*ABOUT THIS EXERCISE*
Your task is to print all of the entries exactly, though the pictures should not be included.

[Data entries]

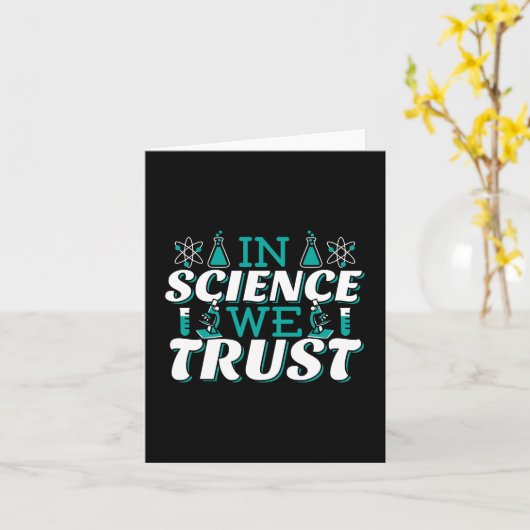 In Science We Trust引用文-先生 カード (黄色い花)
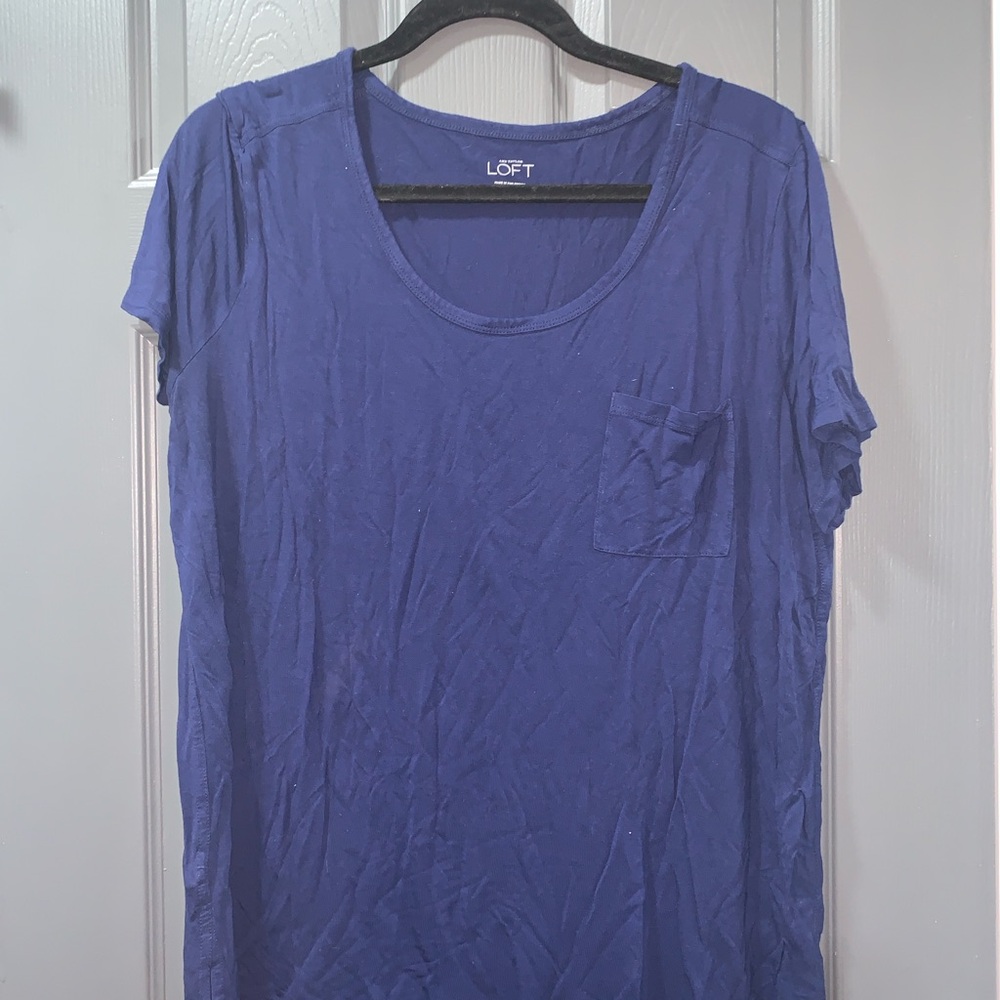 LOFT Women's Deep Blue Short Sleeve Tee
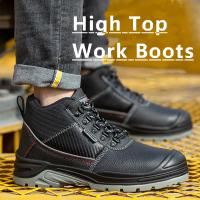 Zapatos de seguridad para hombre, botas de trabajo impermeables, antigolpes, antipinchazos, zapatos protectores, botas con punta de acero indestructibles, zapatillas de deporte para exteriores - details 1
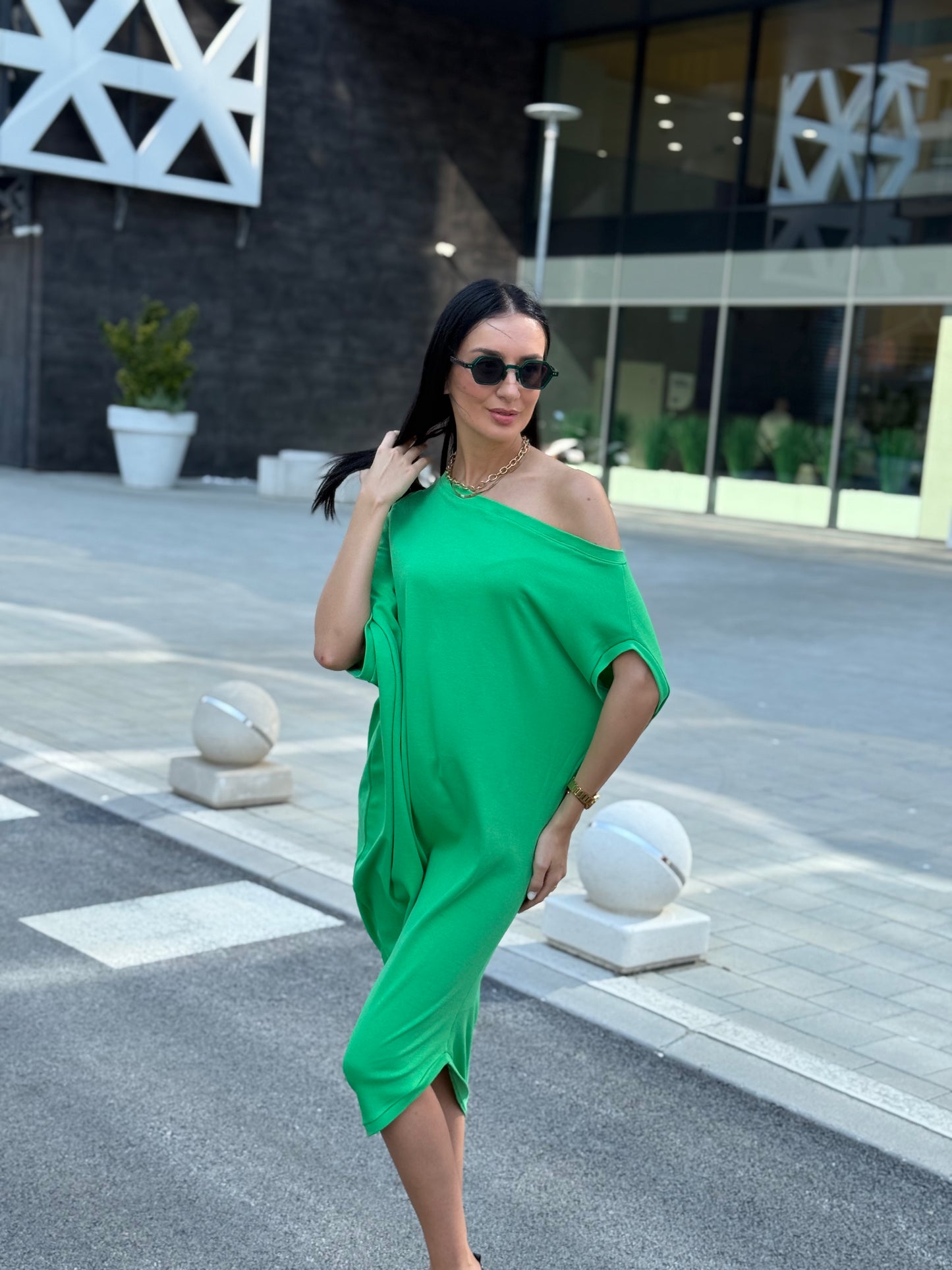 Sandra Purple 100% Cotton Off-Shoulder Dress – Effortless Style & Comfort - ALLURE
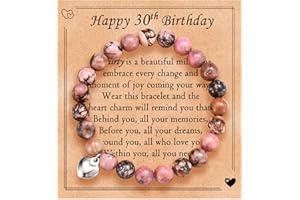 EPVID 30-80 Birthday Gifts for Women, Beaded Bracelets Presents for Her Friend Auntie Sister Daughter Wife Mum Grandma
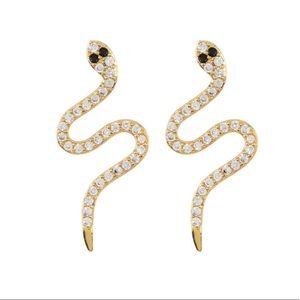Adornia 14K GP sterling silver snake earrings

*FINISHED TASK*
 In Science We Trust引用文-先生 カード (黄色い花)
 LOFT Women's Deep Blue Short Sleeve Tee
 Zapatos de seguridad para hombre, botas de trabajo impermeables, antigolpes, antipinchazos, zapatos protectores, botas con punta de acero indestructibles, zapatillas de deporte para exteriores - details 1
 Sandra Purple 100% Cotton Off-Shoulder Dress – Effortless Style & Comfort - ALLURE
 EPVID 30-80 Birthday Gifts for Women, Beaded Bracelets Presents for Her Friend Auntie Sister Daughter Wife Mum Grandma
Adornia 14K GP sterling silver snake earrings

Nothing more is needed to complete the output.